Our position is that there is one China, and that the issues between Taiwan
and Bejing should be resolved between the two and peacefully through a
cross-straits dialogue.  That continues to be our position.
     We believe that that policy has served the region very well.  Taiwan
has become democratic, prosperous.  They're our sixth largest economic
trading partner.  The economic activity between Taiwan and China has
exploded and our relationship with China has improved.  So all three legs
of this, or three pieces of this triangle have benefited by this policy
that was first articulated back several administrations ago, and we believe
it's a good policy.
...............
     Q    Sandy, what exactly were the references in the meeting to the
bombing of the Chinese Embassy?  Did the President express any regret or
apologize?  Did the Chinese ask the United States to punish those
responsible for the bombing?  What exactly was mentioned?

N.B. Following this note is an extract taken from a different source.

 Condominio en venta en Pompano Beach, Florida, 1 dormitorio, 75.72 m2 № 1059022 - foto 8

     MR. BERGER:  The answer is, no.  This came up only once in the
meeting.  The President did not raise it or speak to it.  He obviously has
made his views known in the past both directly to President Jiang and
publicly.
     In the context of discussing why there had been inability to resume
negotiations on WTO, President Jiang made reference to the unfortunate
incident of the embassy.
     Q    Did the espionage charges come up at all, Sandy?

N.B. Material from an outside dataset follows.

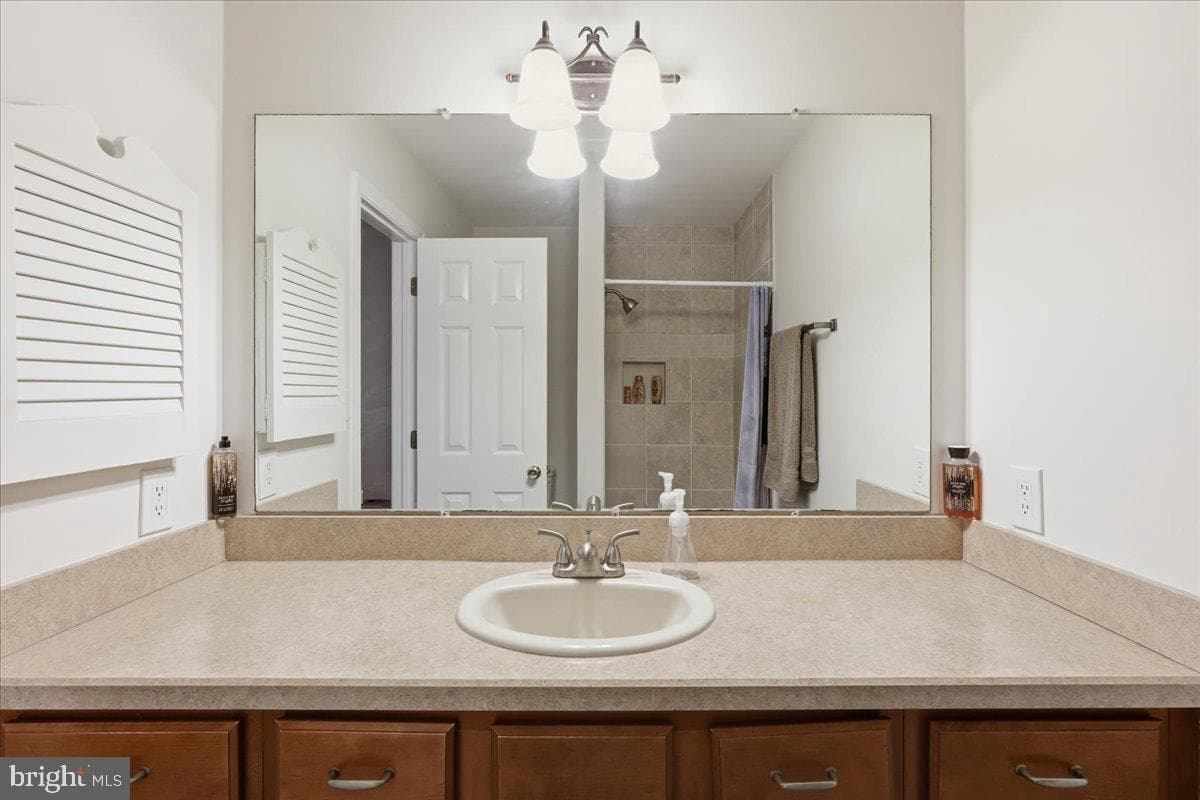 230 Chick Cove Drive photo 12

     MR. BERGER:  No.  But those have been raised in previous meetings, and
we fairly much know what the Chinese say about them.
     Q    Sandy, can I get one more question?  You said that President
Jiang Zemin felt that the Taiwan issue was a very important issue.  Did he
specifically request that President Clinton make any comments directly in
regards to the state-to-state statement made by President Lee?  Did he ask
him to denounce those statements?  Is this an issue that they will be
working through?  If it is so important --
     MR. BERGER:  He did not.  He did take issue with our arms sales to
Taiwan.
     Thank you.
     MR. LOCKHART:  Anything of the domestic variety?

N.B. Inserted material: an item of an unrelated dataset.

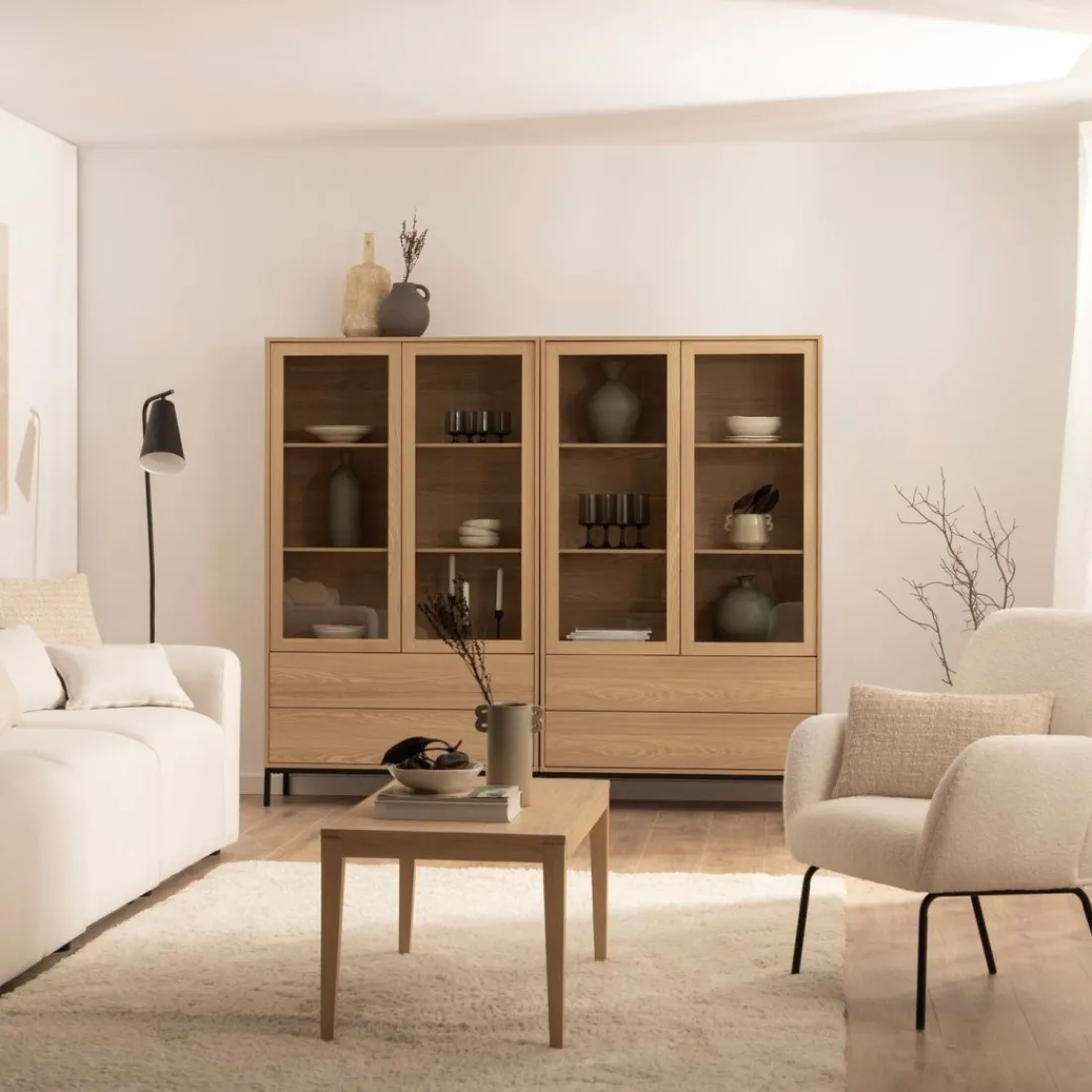 Klast Home Vitrinas>Remi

     Q    Actually, just one more question for Sandy.  The wires are saying
that Wiranto has asked for an expedited timetable for peacekeepers.  Do you
know anything about that?
     MR. BERGER:  I don't know any more about it.
     Q    Sandy, was there any contact for the U.S. with Wiranto today?
     MR. BERGER:  Yes.
     Q    Can you say who he's talking to?
     MR. BERGER:  I believe General Shelton.
     MR. LOCKHART:  Anything else?  Okay.